Comissão Europeia apresenta hoje pacote de novas regras para as telecomunicações

A Comissão Europeia prepara-se para apresentar, esta terça-feira, o Digital Networks Act (DNA), um pacote legislativo que visa harmonizar o setor das telecomunicações na União Europeia e introduzir alterações significativas na gestão do espetro e na operação transfronteiriça das empresas.

Executive Digest
Janeiro 20, 2026
7:45

A Comissão Europeia prepara-se para apresentar, esta terça-feira, o Digital Networks Act (DNA), um pacote legislativo que visa harmonizar o setor das telecomunicações na União Europeia e introduzir alterações significativas na gestão do espetro e na operação transfronteiriça das empresas, com impacto direto na concorrência, nos investimentos em redes e na cobertura de serviços digitais em todos os Estados-membros.

O objetivo político do DNA é criar um mercado mais competitivo e menos burocrático, reduzindo a fragmentação causada por diferentes regras nacionais. As operadoras europeias reclamam há anos por maior previsibilidade regulatória para investir em novas redes e expandir a cobertura de serviços de fibra e redes móveis 5G/6G.

Um dos pontos centrais do DNA é a possibilidade de licenças de espetro com duração ilimitada, sujeitas a cláusulas de revisão e renovações automáticas, mas com mecanismos de revogação quando necessário.

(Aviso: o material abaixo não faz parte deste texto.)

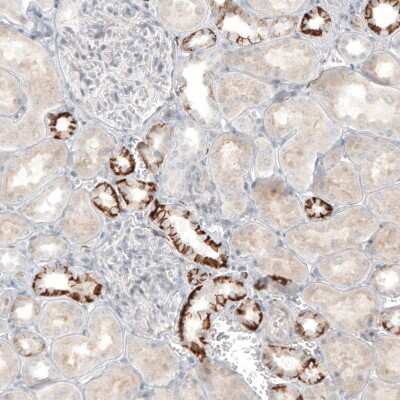 Immunohistochemistry-Paraffin: L1CAM Antibody [NBP1-86544]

A Comissão Europeia defende que esta medida vai aumentar a previsibilidade para as empresas, acelerar a implementação de redes e permitir a criação de um mercado secundário de espetro, no qual direitos de utilização poderão ser vendidos, alugados ou partilhados.

Para evitar a acumulação de espetro ou a sua inatividade, o pacote propõe mecanismos como “use-it-or-share-it or lose-it” e estabelece condições de cobertura mínima para os serviços, obrigando as operadoras a utilizar o recurso de forma efetiva ou a disponibilizá-lo a terceiros em determinadas circunstâncias.

Outra medida de grande impacto prático é a criação de um passaporte europeu, que permitirá às empresas operar em múltiplos Estados-membros com uma autorização única, sem necessidade de licenças separadas junto de cada regulador nacional. Este instrumento pretende simplificar a expansão transfronteiriça e reduzir barreiras administrativas.

Reforço da regulação e incentivo à transição tecnológica
O DNA prevê também medidas de supervisão para empresas com poder significativo de mercado, impondo obrigações de transparência, não-discriminação e, em certos casos, medidas como controlo de preços ou separação contabilística. Contudo, fontes citadas pela Reuters indicam que grandes tecnológicas não deverão ser sujeitas a obrigações pesadas, podendo aderir a um quadro voluntário de boas práticas moderado pelo BEREC (Organismo Europeu de Reguladores de Comunicações Eletrónicas).

No plano tecnológico, o pacote incentiva a substituição das redes de cobre por fibra, podendo os Estados-membros ser obrigados a desligar redes antigas até 31 de dezembro de 2035, desde que exista cobertura de pelo menos 95% de fibra e serviços acessíveis, com exceções quando a substituição não seja viável. A harmonização das regras móveis também visa reduzir custos regulatórios e acelerar os investimentos em 5G e futuramente 6G.

Impacto em Portugal
Em Portugal, o DNA terá relevância particular, já que o espetro tem sido usado como instrumento de política de concorrência. O leilão do 5G, conduzido pela ANACOM, abriu espaço à entrada da Digi, alterando significativamente o mercado nacional.

Além da dimensão competitiva, existe também um impacto financeiro direto: no leilão de 2021, as operadoras pagaram 566,8 milhões de euros pelas licenças de 5G, e parte do espetro expira em 2027. O regulador poderá condicionar eventuais renovações ao investimento contínuo e à resiliência das redes.

Apesar da apresentação hoje do DNA, a aprovação final dependerá das negociações com os Estados-membros e com o Parlamento Europeu, onde se espera um debate intenso sobre a implementação de um mercado único obrigatório para o espetro e sobre a transferência de competências atualmente nacionais. Historicamente, o espetro tem sido uma ferramenta crucial para os reguladores influenciarem concorrência, preços e cobertura em Portugal e na União Europeia.